> What you should do: Using the records that appear below, write out exactly the lines from the one with "Polsterstuhl MOUZON 2er-Set" through the one with "Levis 512 Jeans", keeping both end lines.

> Records supplied:
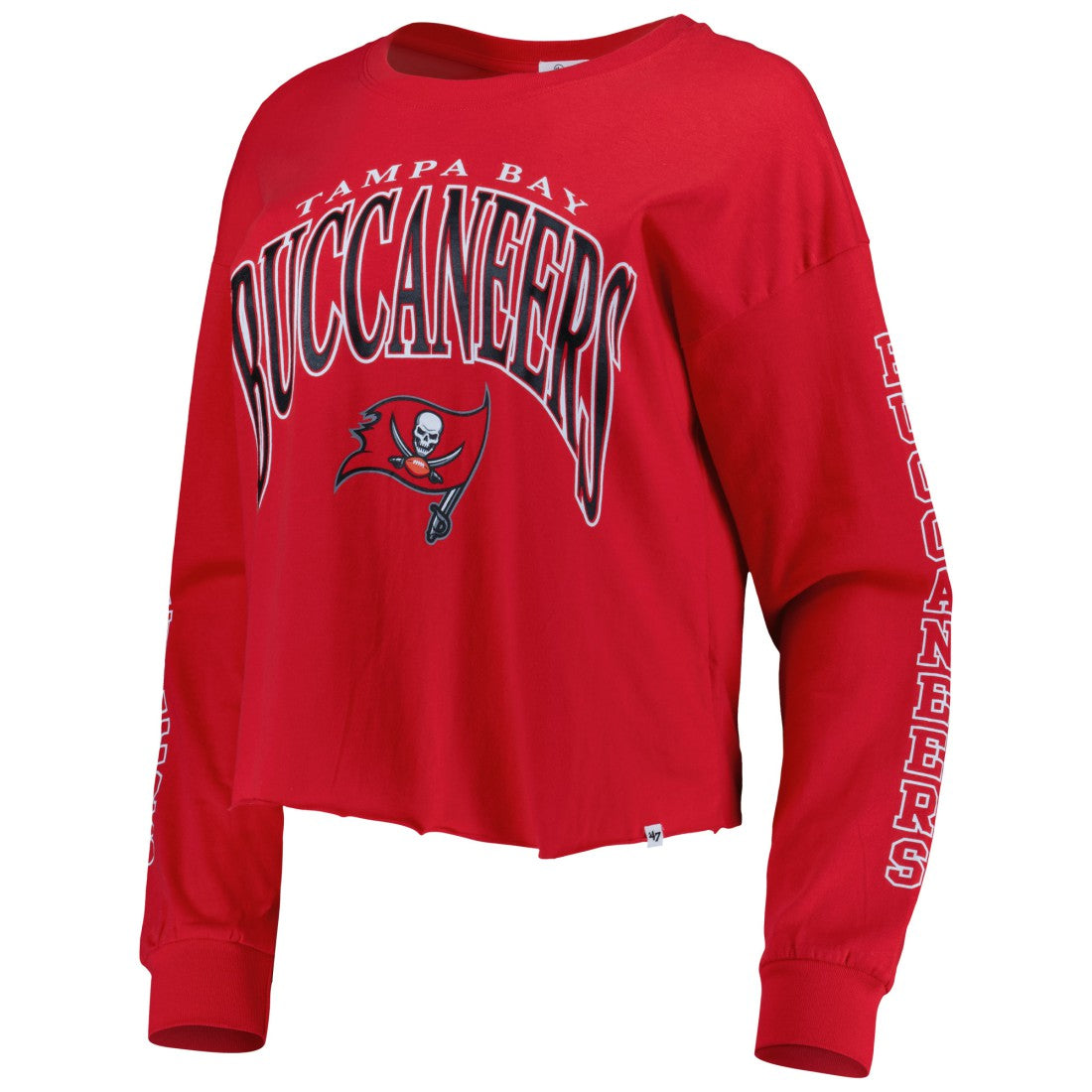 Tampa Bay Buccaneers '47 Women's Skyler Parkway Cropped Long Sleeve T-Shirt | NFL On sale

==

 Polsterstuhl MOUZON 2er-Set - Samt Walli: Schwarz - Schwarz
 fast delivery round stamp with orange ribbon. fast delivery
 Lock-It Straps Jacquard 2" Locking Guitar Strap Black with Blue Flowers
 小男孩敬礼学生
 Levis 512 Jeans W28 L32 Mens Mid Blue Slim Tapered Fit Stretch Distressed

> Reply to the exercise:
 Polsterstuhl MOUZON 2er-Set - Samt Walli: Schwarz - Schwarz
 fast delivery round stamp with orange ribbon. fast delivery
 Lock-It Straps Jacquard 2" Locking Guitar Strap Black with Blue Flowers
 小男孩敬礼学生
 Levis 512 Jeans W28 L32 Mens Mid Blue Slim Tapered Fit Stretch Distressed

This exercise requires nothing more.